I saw your "Hi" posts today and yesterday get no reaction. I'd be mad too. I would have said hello but I wasn't on either time.

OMG Daffney. :yum:


----------



## Derek (Jan 24, 2004)

They can't draw outside of Tokyo, and even in Tokyo they're not selling out. Hell, the attendance was down for last Kouraken Hall show.

I don't think they're going to go under soon, but they need to be very careful with how they spend. I heard that they're going to have a titantron at the next Boudokan Hall show. That doesn't seem like wise spending to me.


----------



## JSL (Sep 26, 2006)

Swagg said:


> Sup Jeff.


sup. *cough* Pistons cough*

to McQueen: you know i barley spend time here, I drop in, say hi, maybe talk and go.


----------



## 2Slick (May 1, 2005)

Hi, hello, something or another.


----------



## McQueen (Jul 17, 2006)

Its funny that 3 years ago or so NOAH and New Japan were pretty much in the reverse.

2Slick!?


----------



## 2Slick (May 1, 2005)

McQueen said:


> Its funny that 3 years ago or so NOAH and New Japan were pretty much in the reverse.
> 
> 2Slick!?


In the flesh text.


----------



## JSL (Sep 26, 2006)

Troy....


----------



## McQueen (Jul 17, 2006)

I had to leave the derogatory "old man" remark in Slick's rep box for being maybe 1 of 10 people on this forum older than me. :$


----------



## 2Slick (May 1, 2005)

JSL said:


> Troy....


My birth certificate states that as well.


----------



## Seb (Jun 13, 2007)

2Slick in the thread, which means Seb is right on his tail 

HEY


----------



## JSL (Sep 26, 2006)

Troy = father time.


----------



## McQueen (Jul 17, 2006)

They didn't have birth certificates on parchment paper 2Slick.


----------



## Derek (Jan 24, 2004)

McQueen said:


> Its funny that 3 years ago or so NOAH and New Japan were pretty much in the reverse.

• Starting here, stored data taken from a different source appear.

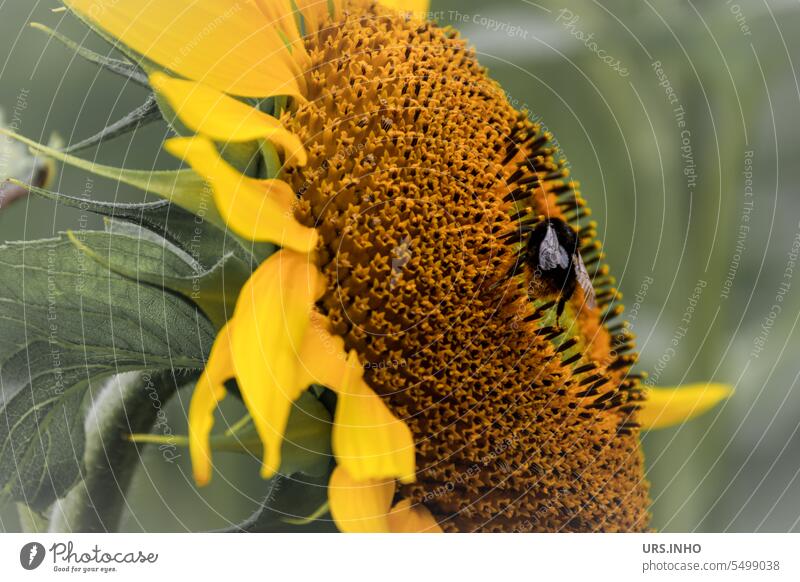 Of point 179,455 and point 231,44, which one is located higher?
point 231,44

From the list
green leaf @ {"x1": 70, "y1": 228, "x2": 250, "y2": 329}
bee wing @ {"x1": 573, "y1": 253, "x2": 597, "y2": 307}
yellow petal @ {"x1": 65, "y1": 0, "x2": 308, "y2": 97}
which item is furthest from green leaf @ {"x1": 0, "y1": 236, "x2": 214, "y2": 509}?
bee wing @ {"x1": 573, "y1": 253, "x2": 597, "y2": 307}

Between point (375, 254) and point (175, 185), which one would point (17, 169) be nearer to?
point (175, 185)

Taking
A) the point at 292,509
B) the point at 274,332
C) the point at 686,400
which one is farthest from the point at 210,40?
the point at 686,400

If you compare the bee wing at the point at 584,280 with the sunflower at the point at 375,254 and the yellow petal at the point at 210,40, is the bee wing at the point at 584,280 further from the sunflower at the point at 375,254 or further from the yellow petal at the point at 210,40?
the yellow petal at the point at 210,40

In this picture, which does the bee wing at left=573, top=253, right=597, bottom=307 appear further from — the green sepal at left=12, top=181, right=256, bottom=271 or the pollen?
the green sepal at left=12, top=181, right=256, bottom=271

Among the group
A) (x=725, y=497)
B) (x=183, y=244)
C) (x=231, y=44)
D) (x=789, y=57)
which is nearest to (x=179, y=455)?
(x=183, y=244)
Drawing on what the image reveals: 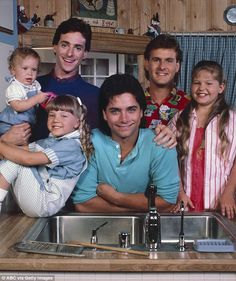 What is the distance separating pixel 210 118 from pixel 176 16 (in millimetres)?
3731

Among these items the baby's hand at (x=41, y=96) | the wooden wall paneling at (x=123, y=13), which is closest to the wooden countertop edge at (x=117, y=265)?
the baby's hand at (x=41, y=96)

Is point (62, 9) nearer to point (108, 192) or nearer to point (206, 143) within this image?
point (206, 143)

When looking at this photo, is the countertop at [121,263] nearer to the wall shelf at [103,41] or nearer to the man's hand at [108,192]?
the man's hand at [108,192]

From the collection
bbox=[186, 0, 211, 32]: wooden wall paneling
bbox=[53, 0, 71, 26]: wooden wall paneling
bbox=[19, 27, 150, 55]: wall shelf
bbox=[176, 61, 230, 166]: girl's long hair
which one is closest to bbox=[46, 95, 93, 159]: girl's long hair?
bbox=[176, 61, 230, 166]: girl's long hair

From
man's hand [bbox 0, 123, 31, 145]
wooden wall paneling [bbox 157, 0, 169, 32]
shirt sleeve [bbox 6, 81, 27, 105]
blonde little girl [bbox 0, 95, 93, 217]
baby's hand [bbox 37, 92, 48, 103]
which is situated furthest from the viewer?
wooden wall paneling [bbox 157, 0, 169, 32]

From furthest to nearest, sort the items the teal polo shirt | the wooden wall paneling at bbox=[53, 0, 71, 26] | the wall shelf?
the wooden wall paneling at bbox=[53, 0, 71, 26] < the wall shelf < the teal polo shirt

Yeah. But New Japan really has rebounded. I'm pretty sure that last year the company actually made a profit, which is a very good sign for them.

The biggest problem with NOAH is that the fans aren't accepting the younger guys who get to the main event scene, and the bookers certainely don't help them. The fans want to hold on to their precious memories of Misawa and Kobashi, but neither of those guys can be at the level a drawing champion needs to be at.

Hopefully the fans will take a liking to Shiozaki, and he won't fall to the same bad booking that guys like Morishima and Marufuji suffered from.


----------



## 2Slick (May 1, 2005)

Seb said:


> 2Slick in the thread, which means Seb is right on his tail
> 
> HEY


Yeah, you always seem to come out of hiding. 

Yo.



> had to leave the derogatory "old man" remark in Slick's rep box for being maybe 1 of 10 people on this forum older than me.


Didn't you leave that same rep message to me about three months ago?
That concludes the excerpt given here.